One of the many joys of foxgloves is that they appear just as spring’s flurry of blooms has disappeared and the garden is waiting for summer to take off. It can be a surprisingly dull moment in the garden, with all the yellowing leaves of tulips among the tired aquilegias. But the spires of foxgloves unfurl to raise your eye away from the dying back below. Combined with ferns, astrantias, dusky cranesbills and cultivated cow parsley, Anthriscus sylvestris ‘Ravenswing’, they make the most of dappled shade and please the bees with it.
This moment is long gone. In fact, many will now be setting seed. If you don’t have your own plants, this is the moment to start sowing. Digitalis sown in the next month or so will bulk up before autumn and be ready to plant out next spring.
They are surprisingly easy to grow from seed, for a fraction of the cost of mature plants. If you have the common foxglove, Digitalis purpurea, tap it as you pass by and it will scatter itself where it pleases. If, however, you want to sow some of the many and glorious cultivars, or try your hand at some of the perennial foxgloves, you will need to buy seed.

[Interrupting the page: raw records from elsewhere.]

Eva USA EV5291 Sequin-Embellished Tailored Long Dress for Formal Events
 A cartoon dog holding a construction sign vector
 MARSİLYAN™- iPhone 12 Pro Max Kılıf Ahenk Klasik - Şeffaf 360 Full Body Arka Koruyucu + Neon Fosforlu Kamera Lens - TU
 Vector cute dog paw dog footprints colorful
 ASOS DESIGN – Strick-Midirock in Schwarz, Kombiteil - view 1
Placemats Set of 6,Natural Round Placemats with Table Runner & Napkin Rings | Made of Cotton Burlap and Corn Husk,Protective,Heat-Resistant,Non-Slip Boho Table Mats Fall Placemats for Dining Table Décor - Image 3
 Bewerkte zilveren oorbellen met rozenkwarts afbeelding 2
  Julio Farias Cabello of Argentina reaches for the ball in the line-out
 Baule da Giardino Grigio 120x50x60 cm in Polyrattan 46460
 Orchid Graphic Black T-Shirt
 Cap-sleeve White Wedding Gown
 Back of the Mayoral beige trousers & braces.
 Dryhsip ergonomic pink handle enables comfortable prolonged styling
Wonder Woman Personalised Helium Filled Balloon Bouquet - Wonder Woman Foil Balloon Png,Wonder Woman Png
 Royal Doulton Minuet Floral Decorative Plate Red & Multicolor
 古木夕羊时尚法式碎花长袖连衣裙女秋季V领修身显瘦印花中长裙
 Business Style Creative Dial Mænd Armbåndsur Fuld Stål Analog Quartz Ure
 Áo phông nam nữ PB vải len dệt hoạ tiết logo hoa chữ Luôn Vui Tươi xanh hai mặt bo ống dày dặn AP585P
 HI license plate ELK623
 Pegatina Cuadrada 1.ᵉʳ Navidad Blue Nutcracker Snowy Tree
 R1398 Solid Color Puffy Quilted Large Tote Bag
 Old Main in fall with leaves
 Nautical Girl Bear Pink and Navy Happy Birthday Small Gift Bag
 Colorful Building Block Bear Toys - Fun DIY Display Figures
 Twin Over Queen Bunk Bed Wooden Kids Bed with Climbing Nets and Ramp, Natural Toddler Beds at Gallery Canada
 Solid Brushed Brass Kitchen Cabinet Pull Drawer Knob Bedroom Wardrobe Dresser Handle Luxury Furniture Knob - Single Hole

Digitalis seed is tiny and needs light to germinate. Whether you are scattering in the garden or on to a seed tray, it is very important the seed does not get buried. With seed trays, it is best to pre-water and then sow on top. Gently press the seeds into the damp compost and leave the trays somewhere bright, but slightly shaded. Seed germinates between 15C and 18C, but if the seed tray is left in full sun, the temperatures may soar and scorch the germinating seedlings. Seeds should germinate in 14 days. When they are large enough to handle, prick them out into modules or 9cm pots.
Go for D. purpurea and the lovely, pure-white D. purpurea forma ‘Albiflora’ – or, if you want both colours, D. purpurea ‘Pam’s Choice’, with its white flowers and purple insides. D. purpurea and cultivars are biennial, so they need to be sown or allowed to self-seed every year, so there is a fresh batch next spring. They prefer light shade, so if your garden basks in a little more sun, try the perennial Mediterranean species such as D. grandiflora or D. lutea, which are shades of buttery pale-yellow. Then there is also the cross between D. purpurea and D. grandiflora, D. x mertonensis, which is soft strawberry-pink, or D. ‘Sutton’s Apricot’ which has whipped cream added to its colour scheme.
All digitalis are very toxic if eaten, so wash your hands after handling if you want to use them as cut flowers.